JAKARTA, GRESNEWS.COM - Komisi Pemberantasan Korupsi (KPK) telah menyita sejumlah aset milik Ketua DPRD Jawa Timur nonaktif, Fuad Amin Imron terkait kasus suap. Namun belakangan diketahui, sebuah kondominium yang berada di Pulau Dewata Bali yang ikut disita KPK, ternyata belum dibayar penuh oleh mantan Bupati Bangkalan tersebut.

"Dari harga Rp16 miliar, baru dibayar Rp11 miliar," kata Kepala Bagian Pemberitaan dan Publikasi KPK Priharsa Nugraha, Sabtu (28/2).

Meskipun begitu, aset tersebut tetap saja disita KPK. Priharsa mengatakan, alasan penyitaan itu agar kondominium tersebut tidak dipindahtangankan kepada pihak lain.

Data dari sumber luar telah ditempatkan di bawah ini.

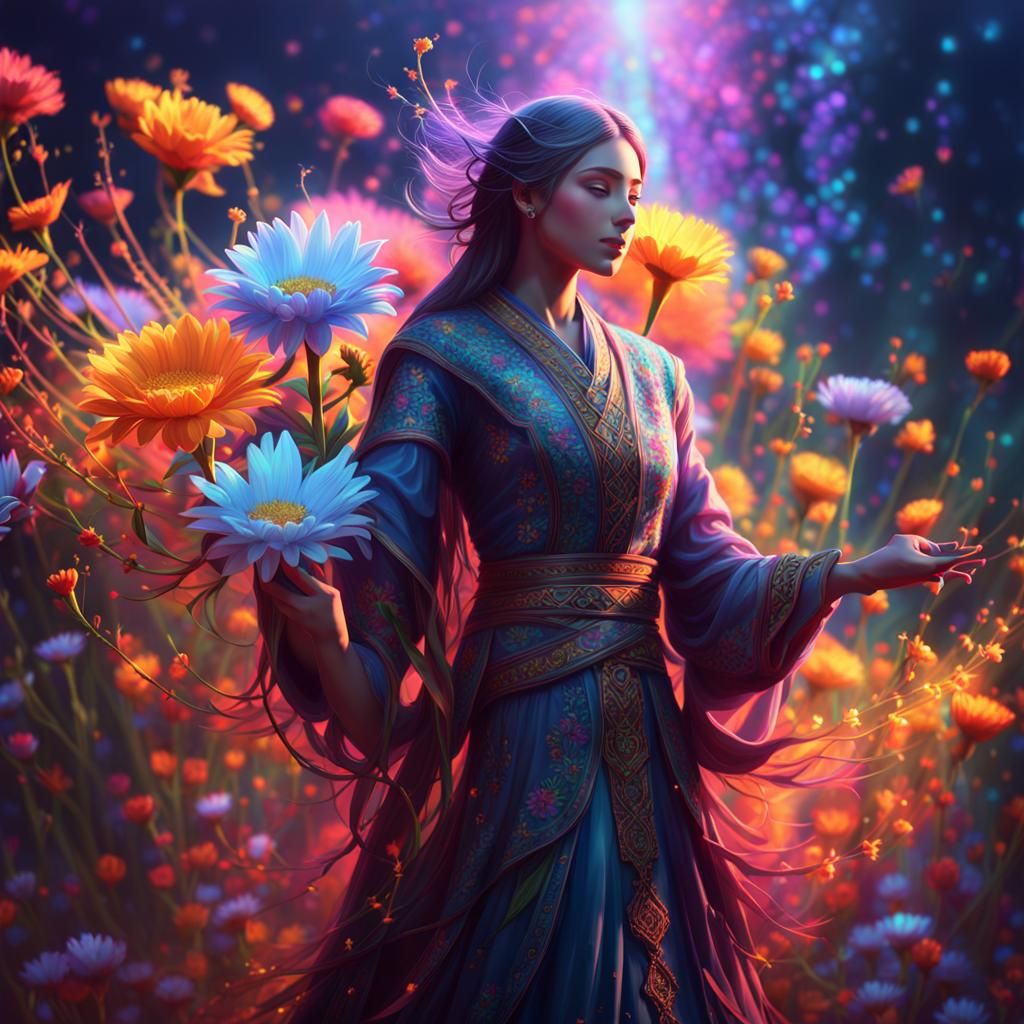 Mystical Figure Sowing Glowing Flowers: Digital Art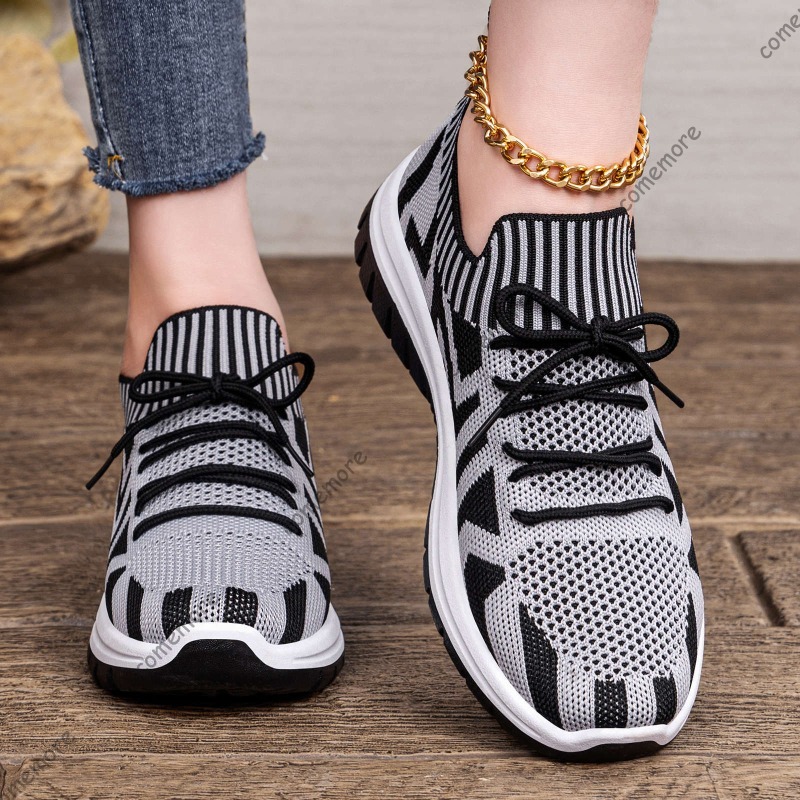 Sepatu Slip-On Rajut Wanita Se - Knit Fabric Lace Up Sneakers ulasan dan harga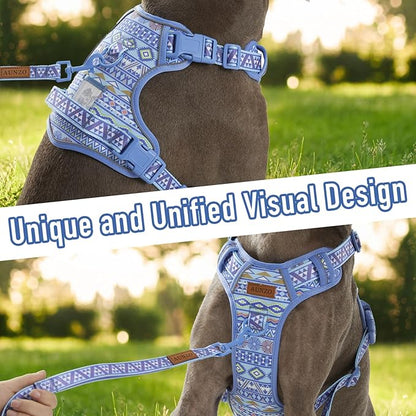 Dog Harness for Extra Large Dog Breeds, No Pull Adjustable Pet Harness with Handle, Reflective Dog Vest for Walking Hiking Training, Blue Ethnic, XL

Kondominium itu merupakan salah satu barang bukti pencucian uang yang dilakukan Fuad. "Iya diblokir juga, biar enggak balik nama," tuturnya.

Sayangnya Priharsa belum bisa menjelaskan mengenai lokasi tempat kondominium itu berada. "Kondominium ini berisi 50-60 kamar,"  ungkap Priharsa.

Penyitaan Kondominium adalah salah satu dari rentetan penyitaan yang dilakukan KPK terhadap aset-aset milik Fuad Amin. Sejak awal Januari 2015, KPK telah menyita uang sebesar Rp 250 miliar serta 14 rumah dan apartemen milik Fuad Amin di Jakarta dan Surabaya. Selain uang, KPK juga menyita 70 bidang tanah dan bangunan, termasuk butik milik istrinya dan kantor Dewan Pimpinan Cabang Partai Gerindra Bangkalan.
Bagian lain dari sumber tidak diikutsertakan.